El intendente anunció que enviará cartas documento a los responsables de las expresiones difamatorias, exigiendo retractación pública, y se comprometió a seguir defendiendo los derechos con hechos, no con panfletos.
El trasfondo: una oposición sin brújula
En tono encendido, Velázquez remarcó que hay sectores frustrados en el justicialismo provincial “fracasaron electoralmente y ahora buscan romper lo que queda en pie”, buscando generar ruido donde hay gestión, apelando a recursos ruines donde escasea la propuesta, debien primero hacer una autocrítica.
“La definición sobre la vacancia en el Concejo Deliberante, que podría corresponder a la Sra. Rosalinda Ancasi, es una cuestión que está siendo tratada por la Justicia. El intendente Dante Velázquez no tiene ni tuvo injerencia alguna en esa decisión institucional.”
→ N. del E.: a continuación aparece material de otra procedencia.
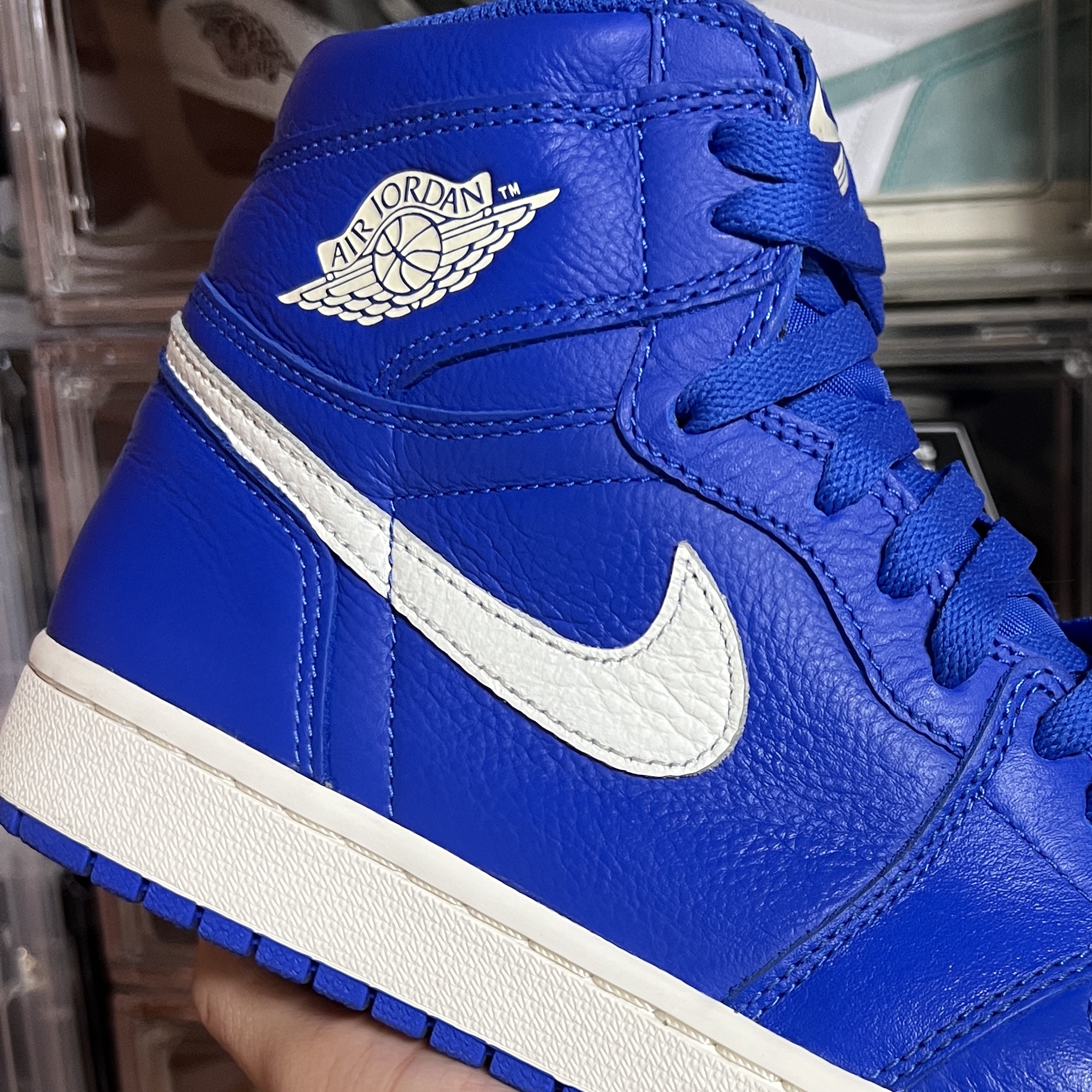 Jordan 1 Retro High Hyper Royal 착용 스타일 - 2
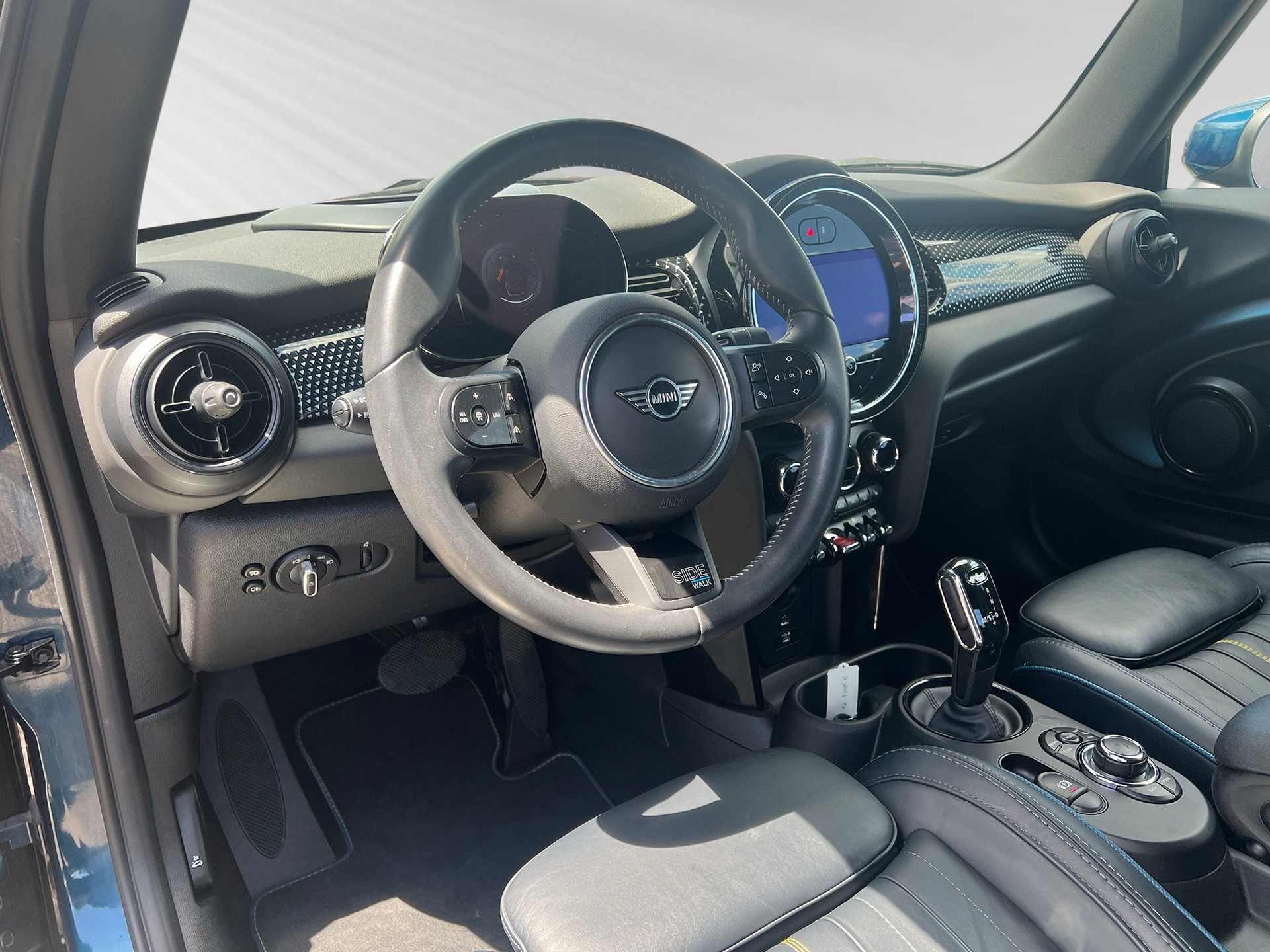 MINI Cooper Cabriolet DKG-image-3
La arremetida, lejos de debilitar al jefe comunal, parece haber fortalecido su legitimidad frente a una comunidad que valora la estabilidad por sobre la agitación partidaria. En tiempos donde los municipios del norte enfrentan desafíos monumentales, golpear institucionalmente desde el barro solo evidencia la desesperación de quienes han perdido el rumbo.
¿Y ahora qué?
Velázquez no solo se defendió: lanzó un mensaje estratégico a toda la política jujeña. La advertencia fue clara:
“No me someto a ataques con fines políticos. Me someto solo a las demandas del pueblo quiqueño.”
Desde el norte profundo, La Quiaca alza su voz frente a una política que se juega a la ruleta del escándalo. Mientras algunos apuestan a desgastar a los gobiernos locales con operaciones, Velázquez redobla su apuesta por el orden, el respeto y la construcción democrática.
La clase política debe tomar nota: el pueblo no quiere guerra de dirigentes, quiere soluciones. Y en eso, Dante Velázquez parece tener clara la hoja de ruta.